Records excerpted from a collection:
+ + +
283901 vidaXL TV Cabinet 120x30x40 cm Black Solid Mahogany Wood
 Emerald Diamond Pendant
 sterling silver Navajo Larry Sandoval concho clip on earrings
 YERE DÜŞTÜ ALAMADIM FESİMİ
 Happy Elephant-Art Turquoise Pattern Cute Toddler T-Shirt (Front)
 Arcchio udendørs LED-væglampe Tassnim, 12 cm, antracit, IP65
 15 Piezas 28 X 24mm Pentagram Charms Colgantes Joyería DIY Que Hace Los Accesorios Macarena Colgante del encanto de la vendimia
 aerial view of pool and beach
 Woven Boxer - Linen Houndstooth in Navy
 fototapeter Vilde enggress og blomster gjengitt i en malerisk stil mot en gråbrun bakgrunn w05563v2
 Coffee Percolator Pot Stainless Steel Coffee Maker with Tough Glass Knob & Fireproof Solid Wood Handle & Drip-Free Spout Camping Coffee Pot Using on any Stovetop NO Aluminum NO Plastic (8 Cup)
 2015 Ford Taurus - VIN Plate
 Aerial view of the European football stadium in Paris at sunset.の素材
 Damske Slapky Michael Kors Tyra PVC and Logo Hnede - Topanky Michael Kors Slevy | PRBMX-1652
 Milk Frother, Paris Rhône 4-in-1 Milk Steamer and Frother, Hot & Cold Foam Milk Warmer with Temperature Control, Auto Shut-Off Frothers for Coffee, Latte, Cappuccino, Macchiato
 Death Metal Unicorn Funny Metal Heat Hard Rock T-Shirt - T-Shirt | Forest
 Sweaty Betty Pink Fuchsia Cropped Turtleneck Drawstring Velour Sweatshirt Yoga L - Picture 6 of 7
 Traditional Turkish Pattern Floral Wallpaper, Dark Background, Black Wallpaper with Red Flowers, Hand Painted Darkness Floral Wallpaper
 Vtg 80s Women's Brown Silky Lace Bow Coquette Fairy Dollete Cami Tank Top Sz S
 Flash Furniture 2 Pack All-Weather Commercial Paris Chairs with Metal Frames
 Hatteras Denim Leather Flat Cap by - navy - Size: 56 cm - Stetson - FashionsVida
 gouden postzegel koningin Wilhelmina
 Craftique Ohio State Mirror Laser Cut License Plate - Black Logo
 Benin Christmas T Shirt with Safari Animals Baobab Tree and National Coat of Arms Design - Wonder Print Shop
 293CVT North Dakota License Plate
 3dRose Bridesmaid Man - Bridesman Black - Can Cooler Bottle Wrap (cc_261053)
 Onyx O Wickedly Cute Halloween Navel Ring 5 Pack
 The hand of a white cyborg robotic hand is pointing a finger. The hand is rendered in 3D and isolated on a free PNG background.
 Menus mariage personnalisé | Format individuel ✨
+ + +
Set down, unchanged, only those lines above that fall between the line with "Aerial view of the" and the line with "Milk Frother, Paris", the two end lines included.

 Aerial view of the European football stadium in Paris at sunset.の素材
 Damske Slapky Michael Kors Tyra PVC and Logo Hnede - Topanky Michael Kors Slevy | PRBMX-1652
 Milk Frother, Paris Rhône 4-in-1 Milk Steamer and Frother, Hot & Cold Foam Milk Warmer with Temperature Control, Auto Shut-Off Frothers for Coffee, Latte, Cappuccino, Macchiato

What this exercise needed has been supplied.